A. H. Hakim1, J. K. Salaymeh1, A. Al-Gahmi1, K. Brunette1, C. Shields1, Y. Tian1, J. Kim1, Z. Zhun1, G. Casale1, I. I. Pipinos1, M. A. Carlson1  1University Of Nebraska College Of Medicine, Surgery, Omaha, NE, USA

Introduction: Current approaches to stem cell-based therapies for peripheral arterial disease (PAD) usually involve injection of cells in muscles neighboring occluded arterial segments or infusion of cells in arteries with distal occlusive disease. Our group has taken the approach of delivering cells around proximal patent arteries to facilitate their growth as inflow collateral channels that can support distal ischemic arterial beds. We describe here our technique using a transvenous approach for para-arterial delivery of stem-cells.

Methods: Metabolic syndrome was induced in Ossabaw pigs (N = 5; 4 males; 6-8 months) using a high fat/fructose/sodium diet. Right hindlimb ischemia was then established via endovascular coil-occlusion of the right external iliac and right superficial femoral arteries. Four weeks later, adipose-derived stem cells were isolated using stromal vascular fractionation (SVF) of autologous fat obtained from the abdominal wall ~450 grams. An arterial reentry catheter (Outback®) and an angioplasty balloon were inserted into the left common iliac vein via internal jugular access. Balloon inflation opposed the catheter to the vein wall and the lateral-deploying needle was used to access the retroperitoneum, allowing for the infusion of cells around the iliac arteries. Contrast and methylene blue were used to confirm the infusion site with angiography and a laparotomy, respectively. Pre- and post-injection survivability of stem cells were assessed using hemocytometry (N = 4) to determine the effect of shear stress on the injected cells during their passage through the Outback® catheter.

Results: In all five cases, the retroperitoneum was accessed successfully with visualization both on angiography and laparotomy. Our proximal inflow arterial targets, the distal aorta, right and left internal iliac and left external iliac arteries were fully coated in methylene blue. There was no evidence of retroperitoneal bleeding at 2 hours post injection. Our SVF preparation yielded 53.45 ± 23.25 million cells. Pre-injection survivability was 90.8± 3.4%. Our post-injection survivability after cell passage through the Outback® catheter was 86.6±10.4%.

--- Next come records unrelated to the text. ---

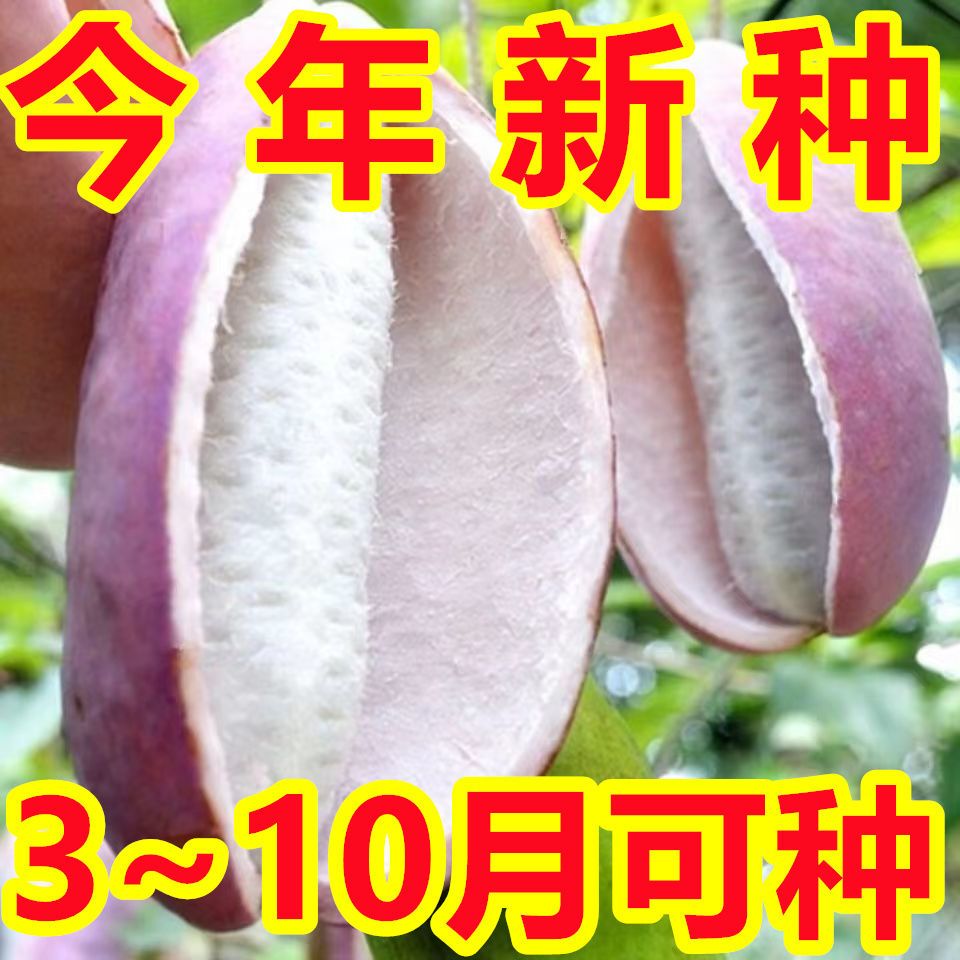 【今年新种】野生八月瓜种子八月瓜爬藤食用水果无籽八月炸水果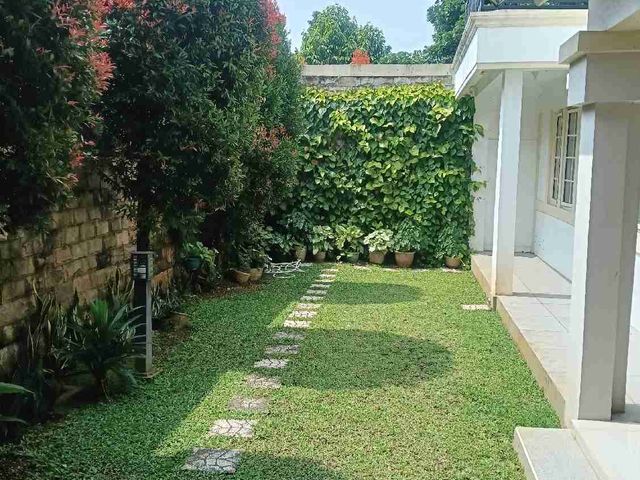 place photo 37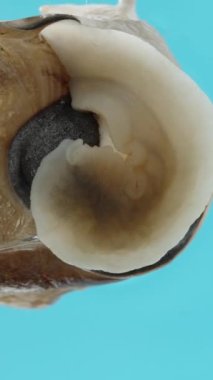 Dikey video. Salyangoz kabuğundan çıkar ve cam üzerinde sürünerek yukarı çıkar. Aşağıdan Macro Görünümü.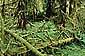 Hoh Rainforest, Hoh River Valley, Olympic National Park, Olympic Peninsula, Washington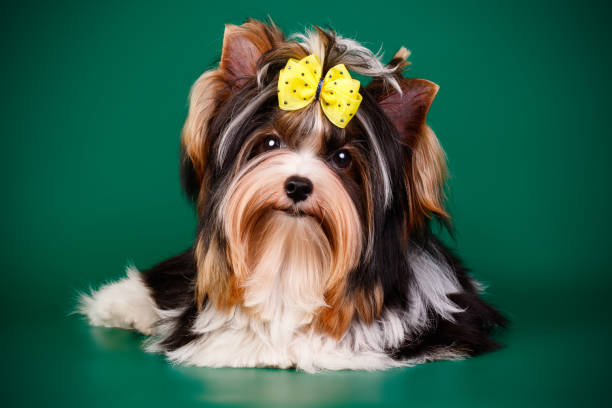 istock Biewer Yorkshire Terrier on colored backgrounds 1313787387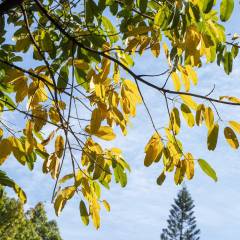 2024年专业铝材制造商排名(图4)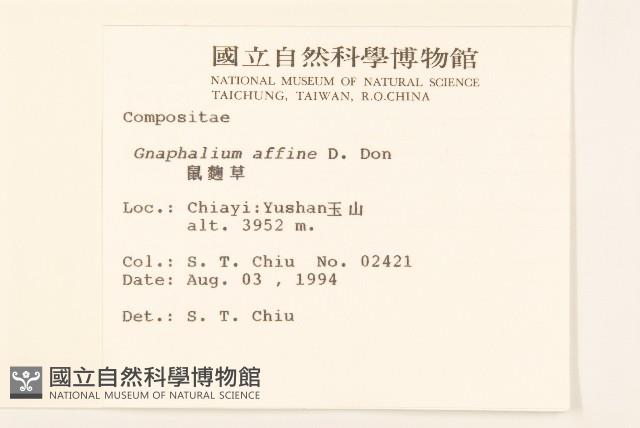 鼠麴草藏品圖，第2張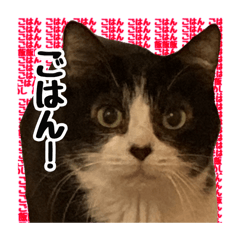 [LINEスタンプ] もるねこ〜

Conclusion: Using a porcine model of hindlimb ischemia, we present a novel, minimally invasive  method for transvenous stem cell delivery into a location not easily accessible using current percutaneous or endovascular techniques. In this pilot preclinical study, this method was reliable, safe, and effective with respect to immediate, post-injection cell survival. We plan to explore the ability of this method of stem cell delivery to improve outcomes of cellular therapy for limb ischemia by focusing the therapeutic effect on the arterial inflow.